Difícil responder, mas tenho minhas suspeitas.

A internet, quando surgiu, era prioritariamente uma ferramenta para comunicação por texto que funcionava por conta de texto. Os programadores escreviam código que comunicava às máquinas como lidar com as interações por texto que os usuários realizavam com as interfaces. Se você pegou a internet pós 2000, provavelmente não teve que lidar com isso. Tudo o que te ofereceram já estava no modelo What you see is what you get. Pra quem é mais antigo a coisa era diferente: boa parte das interações necessitavam de um certo conhecimento de código. Alguém ainda lembra de precisar fazer buscas booleanas?

Então, quando a internet se popularizou, ela juntou dois problemas: era uma ferramenta de texto vendida para uma enorme população que, cá entre nós, não sabe ler de fato, a.k.a. interpretar um texto, e a estrutura de funcionamento das interfaces não estava aparente. Logo você não sabia o contexto e o trânsito das mensagens transmitidas e recebidas o que gerava mal entendidos sucessivos.

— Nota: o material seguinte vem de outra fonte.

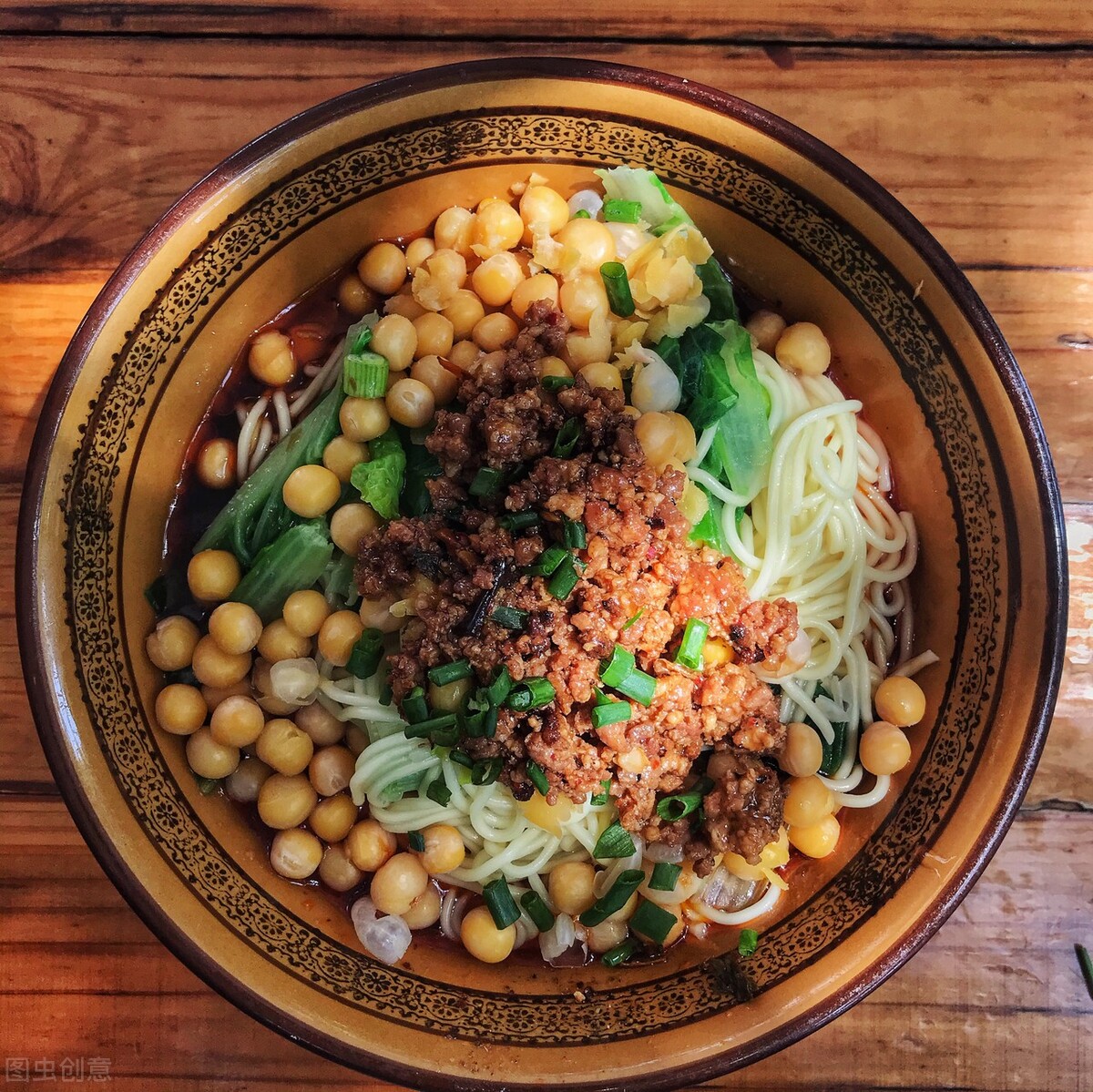 摆摊卖5元一碗面,摆摊卖老碗面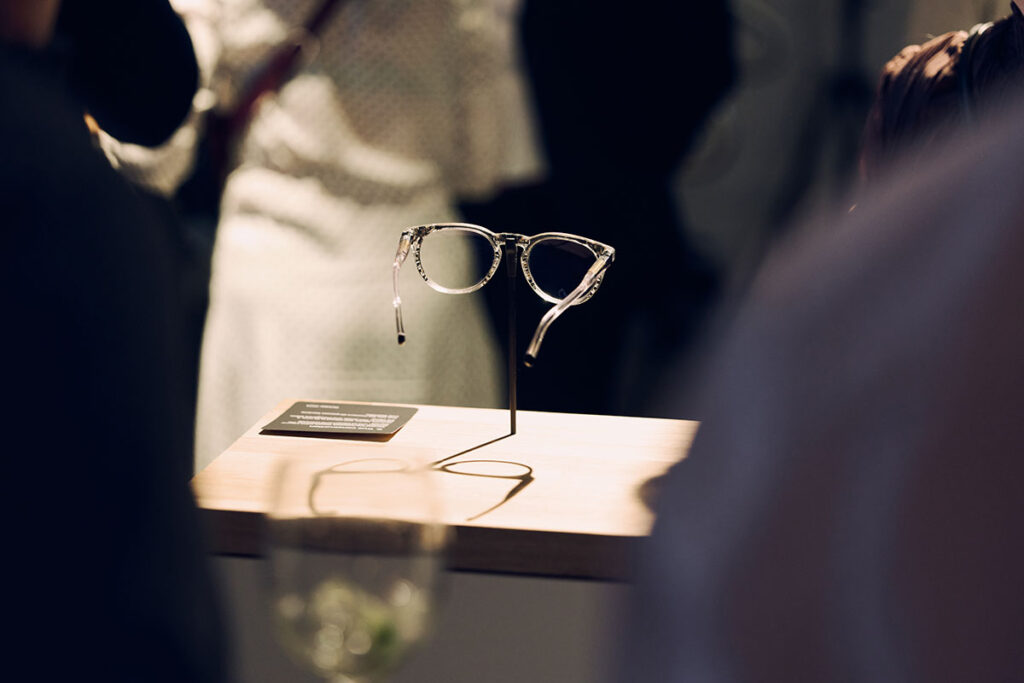 IXI Adaptive Eyewear with Autofocus Lenses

Ao invés de tratar isso como um problema, quem estava na luta pra tornar a internet em uma ferramenta comercialmente viável, aproveitando o modelo de vender a sua atenção a anunciantes, considerou esse defeito uma oportunidade e criou uma máquina para se aproveitar das nossas piores emoções e das nossas maiores falhas cognitivas. Começamos a ter valor como rebanho justamente pelo que nos fazia piores.

Quando se possibilitou a interação entre o usuários, ao invés da interação do usuário com a interface, o que chamamos de redes sociais, esse comportamento imediatista instintivo de luta ou fuga, permanentemente estressante e calcado no nosso mal entendimento das mensagens e, principalmente, intenções alheias se tornou a norma. E chegamos ao ponto onde não importa dizer algo ou dizer nada; tudo é ruim.

https://twitter.com/TJPayne3333/status/1278674597693587456

Parece que mais uma vez estão pensando em como desfazer esse imbróglio. Sim, estou acompanhando a discussão sobre as marcas tirando o apoio a essas máquinas de geração de ódio, e entendo o otimismo generalizado, mas acho fogo de palha. Será que realmente interessa a eles mudar esse sistema? Afinal, como na proverbial piada, nós podemos ser malucos mas eles precisam dos ovos.

Espero não ter lhes ofendido com isso.